# [RECORDS]
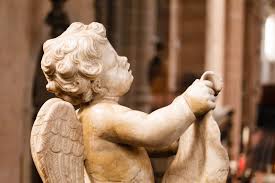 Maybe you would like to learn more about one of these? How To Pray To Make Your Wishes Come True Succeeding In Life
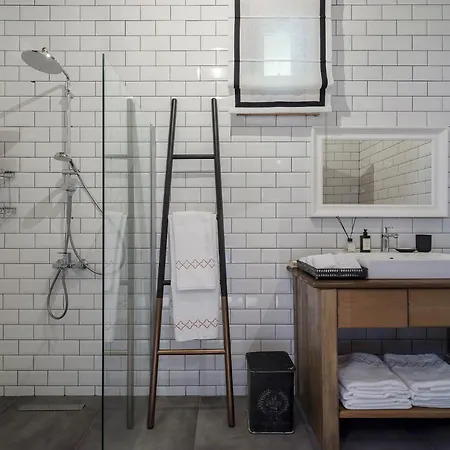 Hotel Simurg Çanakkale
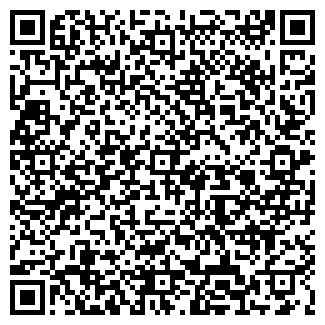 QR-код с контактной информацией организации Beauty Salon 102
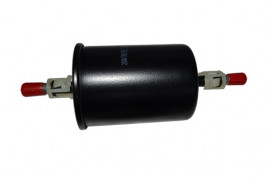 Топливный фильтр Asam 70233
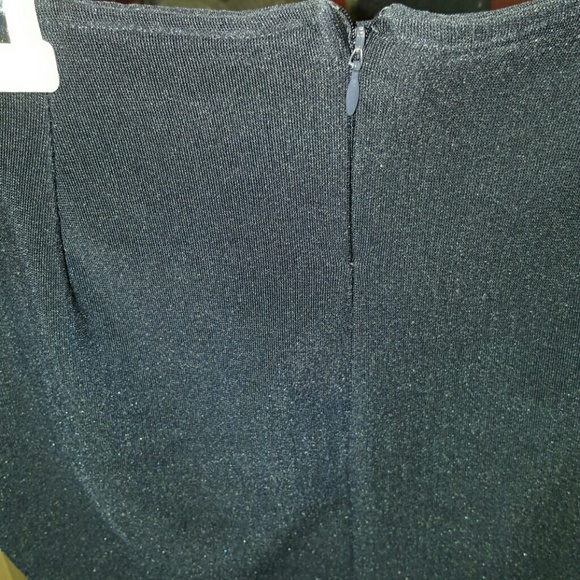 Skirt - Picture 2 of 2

# [EXERCISE DIRECTIONS]
Pictures are to be left out; please print the rest of the records above word for word.

# [ANSWER SECTION]
 Maybe you would like to learn more about one of these? How To Pray To Make Your Wishes Come True Succeeding In Life
 Hotel Simurg Çanakkale
 QR-код с контактной информацией организации Beauty Salon 102
 Топливный фильтр Asam 70233
 Skirt - Picture 2 of 2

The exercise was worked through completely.